Le déploiement qui devait durer quelques semaines aura duré six mois et semble être devenu la goutte qui a fait déborder le vase.
«Quand il est revenu, c’était pire que pire», s’est remémoré la femme, témoignant de coups de poings dans les murs et de colères inexplicables. «Il était vraiment agressif. [...] Là, je l’avais perdu».
En fait, à son retour d’Afghanistan et à son retour d’Haïti, Lévesque a même refusé que sa femme et ses enfants l’accueillent à l’aéroport, un moment de retrouvailles pourtant heureux après des mois difficiles.
«Tu ne comprends pas ce que je vis», disait alors le militaire à sa femme.
Replié dans l’alcool
Dans les mois suivants et jusqu’à leur séparation au début de 2011, Martin Lévesque s’est réfugié dans l’alcool, s’isolant de sa famille, passant ses journées en motocross.
«Il partait à 9 h le matin en motocross, il arrêtait remplir son sac à dos de bière au dépanneur et il pouvait revenir à 4 h ou 5 h le soir.
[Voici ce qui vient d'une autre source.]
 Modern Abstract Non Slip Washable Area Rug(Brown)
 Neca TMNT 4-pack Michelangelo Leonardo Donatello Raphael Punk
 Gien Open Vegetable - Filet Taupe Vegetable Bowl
Et là, il ne tenait plus debout», a témoigné Nancy Ouellet, qui l’a finalement quitté après une dispute dans le temps des Fêtes où l’accusé a lancé une bouteille de vin sur un mur chez sa belle-mère.
Dans les dernières semaines avant qu’elle ne déménage, Nancy Ouellet a remarqué à quel point les changements de comportements de Lévesque étaient drastiques.
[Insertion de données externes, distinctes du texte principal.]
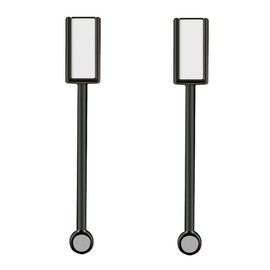 2 Pieces Double-head Magnet Stick Magic Magnet Stick for 3D Magnetic Cat Eye Gel Magic Nail Art Manicure Tool, Black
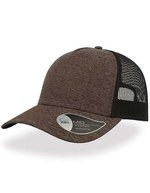 Atlantis Rapper Melange Cap mit Mesh-Detail, Brown One Size, AT524 – Bild 2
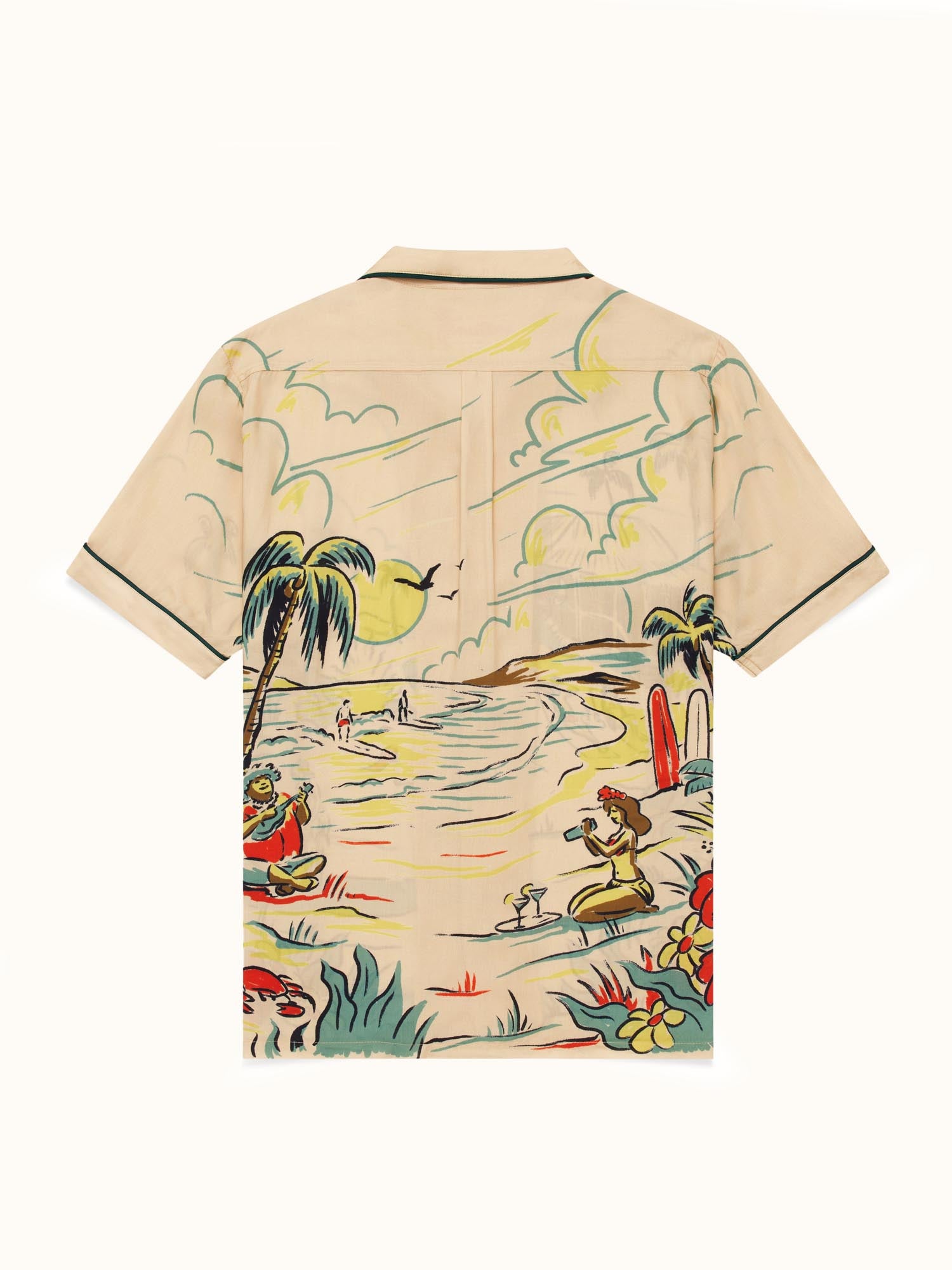 Holiday SS Shirt Sunset Yellow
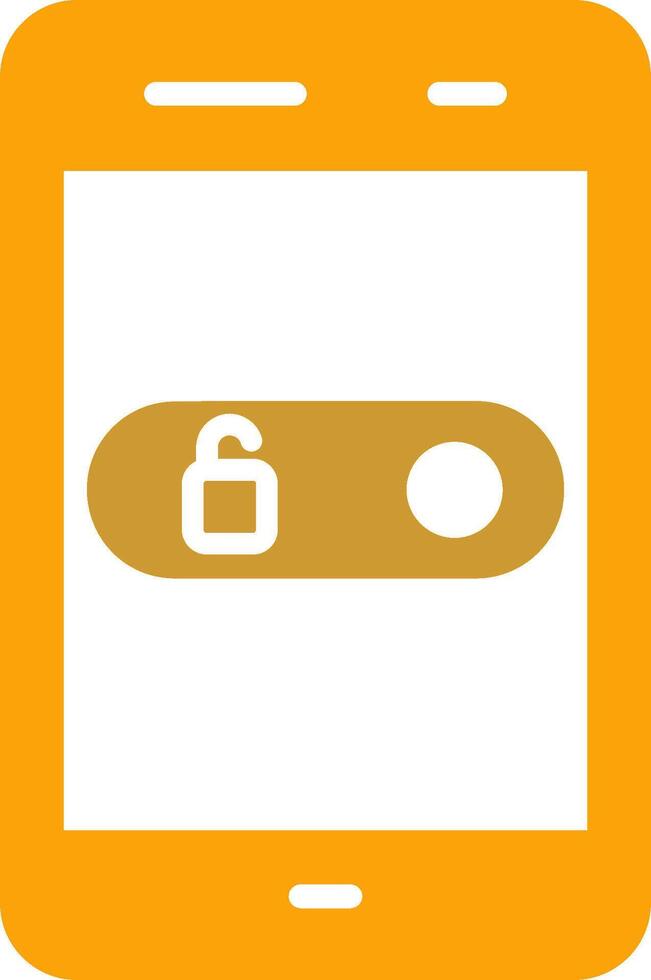 Unlock Slide Vector Icon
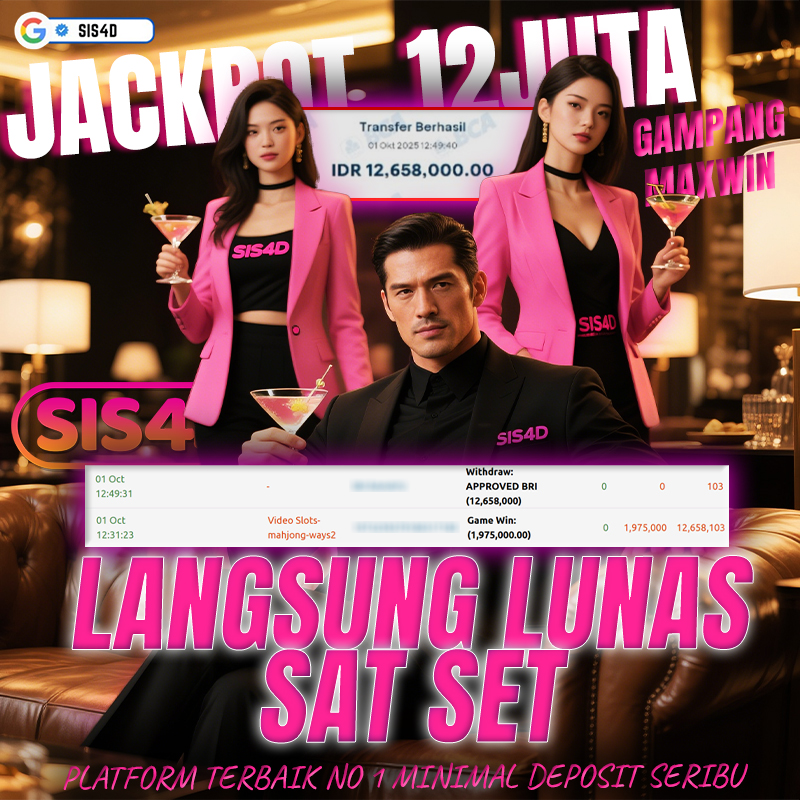 KEMENANGAN 12 JUTA DIRAIH OLEH MEMBER SIS4D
«Il écoutait des vidéos de guerre, des vidéos de décapitation», a-t-elle décrit, ajoutant qu’après la séparation, un fossé s’était creusé entre Lévesque et ses enfants.
«Il appelait à peine à leur fête, il était désintéressé totalement», a ajouté Mme Ouellet.
«Martin a déjà été un bon gars»
Si elle a accepté de témoigner au procès de son ex, c’est surtout parce que «Martin a déjà été un bon gars».
«Quand j’ai su la nouvelle [le meurtre de Patricia Sirois], que c’était mon ex, Martin Lévesque, j’étais surprise, démolie. Martin, ce n’était pas ça», a insisté Nancy Ouellet au terme de sa description d’un crescendo violent que la défense entend présenter comment étant les conséquences d’un syndrome de stress post-traumatique si intense que Martin Lévesque ne peut être tenu criminellement responsable du meurtre de Patricia Sirois.
La défense fera également entendre cette semaine le psychiatre Mathieu Bilodeau, spécialisé dans le traitement des traumatismes liés au stress opérationnel, ainsi que le Dr Gilles Chamberland, qui a évalué Martin Lévesque. L’accusé prendra également la barre pour venir raconter son histoire au jury.
Martin Lévesque a déjà été accusé de menaces de mort envers son ex
L’ancienne conjointe de Martin Lévesque a témoigné mardi avoir déjà porté plainte pour menaces de mort contre l’homme qui est aujourd’hui accusé du meurtre de sa voisine Patricia Sirois.
À la suite de leur séparation au début de l’année 2011, Martin Lévesque a menacé Nancy Ouellet de s’en prendre à elle et à leurs enfants.
«Il était dans son auto, il m’a appelé pour me faire des menaces de mort. Il m’a dit qu’il me tuerait et qu’il tuerait les enfants», a confié Mme Ouellet lorsque contre-interrogée par le procureur de la couronne mardi.
Crainte réelle
La femme, qui avait affirmé dans son témoignage initial que le Martin qu’elle avait connu n’aurait pas pu tuer quelqu’un, a admis avoir craint l’homme après leur séparation. Le divorce est venu après les déploiements de Lévesque en théâtre de guerre, événements qui l’ont profondément changé estime son ancienne conjointe.
«Oui j’ai eu peur. Surtout pour les enfants», a indiqué Mme Ouellet.
Le dossier s’est finalement réglé avec un retrait d’accusation. Pour arriver à cette conclusion, Martin Lévesque s’était engagé à signer un mandat de paix, communément appelé un «810».
L’homme s’était engagé à garder la paix et à ne pas importuner son ex-conjointe, cette dernière précisant que les conditions avaient été respectées durant la durée de l’ordonnance.